Exercise objective: Repeat the data that follows in full. Do not include the pictures.

Recorded data:
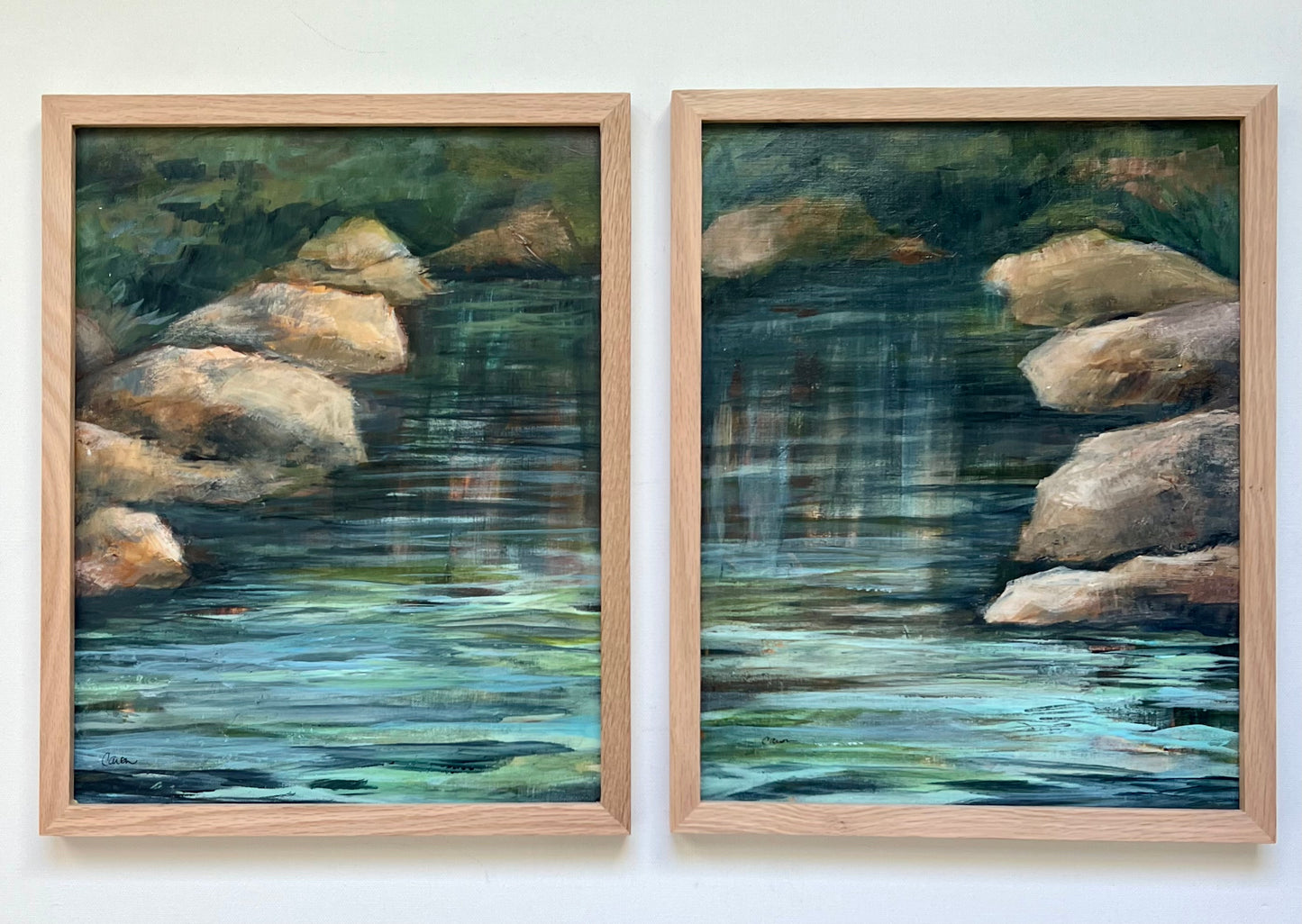 Stepping Stones II original river painting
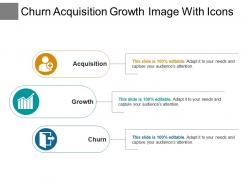 Churn acquisition growth image with icons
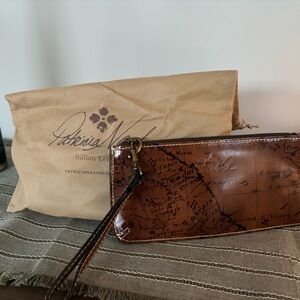 Patricia Nash Map Design Leather Wristlet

Exercise output:
 Stepping Stones II original river painting
 Churn acquisition growth image with icons
 Patricia Nash Map Design Leather Wristlet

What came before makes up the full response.